[Records from a dataset]
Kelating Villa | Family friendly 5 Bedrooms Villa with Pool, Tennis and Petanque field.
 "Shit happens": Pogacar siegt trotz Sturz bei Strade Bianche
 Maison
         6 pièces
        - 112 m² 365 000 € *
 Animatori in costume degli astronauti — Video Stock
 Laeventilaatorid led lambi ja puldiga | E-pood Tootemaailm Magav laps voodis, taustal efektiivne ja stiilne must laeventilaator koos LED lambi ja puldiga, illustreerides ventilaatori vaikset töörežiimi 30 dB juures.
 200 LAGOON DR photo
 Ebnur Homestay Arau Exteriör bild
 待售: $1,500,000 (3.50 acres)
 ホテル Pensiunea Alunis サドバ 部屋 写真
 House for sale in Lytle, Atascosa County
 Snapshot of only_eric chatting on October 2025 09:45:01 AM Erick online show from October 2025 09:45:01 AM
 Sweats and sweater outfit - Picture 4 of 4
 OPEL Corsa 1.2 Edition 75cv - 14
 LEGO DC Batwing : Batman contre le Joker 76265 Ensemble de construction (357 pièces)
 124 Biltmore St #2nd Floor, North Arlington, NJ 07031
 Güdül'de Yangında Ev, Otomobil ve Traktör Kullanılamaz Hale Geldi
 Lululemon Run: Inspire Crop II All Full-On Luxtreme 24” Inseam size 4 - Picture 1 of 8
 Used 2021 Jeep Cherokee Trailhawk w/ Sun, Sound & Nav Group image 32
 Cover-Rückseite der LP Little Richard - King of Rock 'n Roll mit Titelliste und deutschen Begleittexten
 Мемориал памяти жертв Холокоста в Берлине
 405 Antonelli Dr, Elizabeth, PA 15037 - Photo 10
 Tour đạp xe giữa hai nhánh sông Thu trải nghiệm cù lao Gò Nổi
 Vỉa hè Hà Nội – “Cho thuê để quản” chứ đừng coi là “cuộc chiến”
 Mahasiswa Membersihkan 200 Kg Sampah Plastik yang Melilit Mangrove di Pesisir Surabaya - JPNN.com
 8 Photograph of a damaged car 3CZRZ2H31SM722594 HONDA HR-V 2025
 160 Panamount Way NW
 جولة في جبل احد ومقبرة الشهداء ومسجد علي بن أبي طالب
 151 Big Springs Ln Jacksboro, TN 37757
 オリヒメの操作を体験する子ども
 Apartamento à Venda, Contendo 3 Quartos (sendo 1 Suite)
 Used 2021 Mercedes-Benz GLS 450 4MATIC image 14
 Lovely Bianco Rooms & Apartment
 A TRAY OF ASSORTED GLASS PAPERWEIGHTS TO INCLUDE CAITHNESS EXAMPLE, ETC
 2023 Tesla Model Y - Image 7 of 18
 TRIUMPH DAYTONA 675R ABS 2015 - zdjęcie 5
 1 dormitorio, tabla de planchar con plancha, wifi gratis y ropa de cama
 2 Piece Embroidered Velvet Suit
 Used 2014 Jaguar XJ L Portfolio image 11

• _DIRECTIONS_
Pull every line containing "Used" from the data.

• _RESPONSE BELOW_
 Used 2021 Jeep Cherokee Trailhawk w/ Sun, Sound & Nav Group image 32
 Used 2021 Mercedes-Benz GLS 450 4MATIC image 14
 Used 2014 Jaguar XJ L Portfolio image 11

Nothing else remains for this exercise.